Exercise brief:
Take the entries below and print, exactly, the stretch from the line containing "Pacific Best® - Driver" through the line containing "Yêu Thần Ký Chapter 92.5 - Trang 2", both included.

Web page caption snippets
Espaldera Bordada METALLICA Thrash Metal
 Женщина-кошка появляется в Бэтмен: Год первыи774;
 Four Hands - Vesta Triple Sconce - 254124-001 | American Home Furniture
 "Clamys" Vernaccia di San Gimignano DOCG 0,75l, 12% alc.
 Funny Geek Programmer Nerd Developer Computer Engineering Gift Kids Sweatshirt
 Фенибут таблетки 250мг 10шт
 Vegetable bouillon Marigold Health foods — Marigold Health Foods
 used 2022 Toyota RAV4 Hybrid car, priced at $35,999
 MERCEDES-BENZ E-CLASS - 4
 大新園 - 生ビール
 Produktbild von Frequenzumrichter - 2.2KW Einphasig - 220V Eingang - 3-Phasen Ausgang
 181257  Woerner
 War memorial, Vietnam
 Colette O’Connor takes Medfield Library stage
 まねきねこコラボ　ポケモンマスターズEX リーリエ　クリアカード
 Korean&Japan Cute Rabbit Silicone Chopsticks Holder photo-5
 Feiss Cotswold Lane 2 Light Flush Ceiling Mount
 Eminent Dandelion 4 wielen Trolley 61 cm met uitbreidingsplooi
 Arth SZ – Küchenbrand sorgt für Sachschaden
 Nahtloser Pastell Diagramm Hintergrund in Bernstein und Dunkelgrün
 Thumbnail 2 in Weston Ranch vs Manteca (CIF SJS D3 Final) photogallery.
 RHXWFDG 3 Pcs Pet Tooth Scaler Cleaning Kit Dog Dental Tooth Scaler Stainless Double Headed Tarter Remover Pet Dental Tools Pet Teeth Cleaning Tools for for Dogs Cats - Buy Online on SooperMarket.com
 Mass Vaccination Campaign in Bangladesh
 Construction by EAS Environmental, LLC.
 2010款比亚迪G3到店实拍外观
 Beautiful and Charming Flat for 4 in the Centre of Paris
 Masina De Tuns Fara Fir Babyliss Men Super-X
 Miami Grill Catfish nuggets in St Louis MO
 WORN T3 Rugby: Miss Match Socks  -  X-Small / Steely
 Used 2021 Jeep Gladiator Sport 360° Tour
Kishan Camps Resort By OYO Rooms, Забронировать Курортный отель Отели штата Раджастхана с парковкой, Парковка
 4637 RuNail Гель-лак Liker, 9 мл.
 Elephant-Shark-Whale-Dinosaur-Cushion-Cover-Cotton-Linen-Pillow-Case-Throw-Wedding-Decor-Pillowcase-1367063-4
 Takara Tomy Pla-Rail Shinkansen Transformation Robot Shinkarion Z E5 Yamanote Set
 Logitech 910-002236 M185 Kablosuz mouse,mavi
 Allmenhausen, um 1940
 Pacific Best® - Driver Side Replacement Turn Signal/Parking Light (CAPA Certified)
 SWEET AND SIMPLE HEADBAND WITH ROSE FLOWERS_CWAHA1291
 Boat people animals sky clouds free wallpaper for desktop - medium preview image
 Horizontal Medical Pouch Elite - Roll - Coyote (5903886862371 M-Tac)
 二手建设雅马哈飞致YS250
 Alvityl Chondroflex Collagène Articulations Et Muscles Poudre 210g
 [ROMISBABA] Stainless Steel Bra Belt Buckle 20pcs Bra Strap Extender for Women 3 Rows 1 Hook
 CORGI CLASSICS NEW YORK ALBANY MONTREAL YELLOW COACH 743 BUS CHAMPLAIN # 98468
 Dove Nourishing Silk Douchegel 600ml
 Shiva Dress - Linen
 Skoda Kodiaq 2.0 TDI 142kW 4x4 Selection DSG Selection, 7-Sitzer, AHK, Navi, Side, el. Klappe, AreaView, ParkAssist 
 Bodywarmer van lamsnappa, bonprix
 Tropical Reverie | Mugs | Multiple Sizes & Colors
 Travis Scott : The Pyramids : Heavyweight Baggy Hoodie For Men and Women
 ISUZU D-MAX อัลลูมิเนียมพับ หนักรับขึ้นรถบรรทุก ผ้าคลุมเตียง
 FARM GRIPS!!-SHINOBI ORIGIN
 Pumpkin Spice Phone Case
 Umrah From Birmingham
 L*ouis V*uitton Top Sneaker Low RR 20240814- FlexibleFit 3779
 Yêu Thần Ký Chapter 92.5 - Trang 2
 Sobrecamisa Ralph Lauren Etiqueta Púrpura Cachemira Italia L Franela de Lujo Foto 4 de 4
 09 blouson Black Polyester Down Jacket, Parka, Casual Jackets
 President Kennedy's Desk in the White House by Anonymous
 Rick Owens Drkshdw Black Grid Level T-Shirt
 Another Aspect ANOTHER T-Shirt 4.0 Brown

Exercise output:
 Pacific Best® - Driver Side Replacement Turn Signal/Parking Light (CAPA Certified)
 SWEET AND SIMPLE HEADBAND WITH ROSE FLOWERS_CWAHA1291
 Boat people animals sky clouds free wallpaper for desktop - medium preview image
 Horizontal Medical Pouch Elite - Roll - Coyote (5903886862371 M-Tac)
 二手建设雅马哈飞致YS250
 Alvityl Chondroflex Collagène Articulations Et Muscles Poudre 210g
 [ROMISBABA] Stainless Steel Bra Belt Buckle 20pcs Bra Strap Extender for Women 3 Rows 1 Hook
 CORGI CLASSICS NEW YORK ALBANY MONTREAL YELLOW COACH 743 BUS CHAMPLAIN # 98468
 Dove Nourishing Silk Douchegel 600ml
 Shiva Dress - Linen
 Skoda Kodiaq 2.0 TDI 142kW 4x4 Selection DSG Selection, 7-Sitzer, AHK, Navi, Side, el. Klappe, AreaView, ParkAssist 
 Bodywarmer van lamsnappa, bonprix
 Tropical Reverie | Mugs | Multiple Sizes & Colors
 Travis Scott : The Pyramids : Heavyweight Baggy Hoodie For Men and Women
 ISUZU D-MAX อัลลูมิเนียมพับ หนักรับขึ้นรถบรรทุก ผ้าคลุมเตียง
 FARM GRIPS!!-SHINOBI ORIGIN
 Pumpkin Spice Phone Case
 Umrah From Birmingham
 L*ouis V*uitton Top Sneaker Low RR 20240814- FlexibleFit 3779
 Yêu Thần Ký Chapter 92.5 - Trang 2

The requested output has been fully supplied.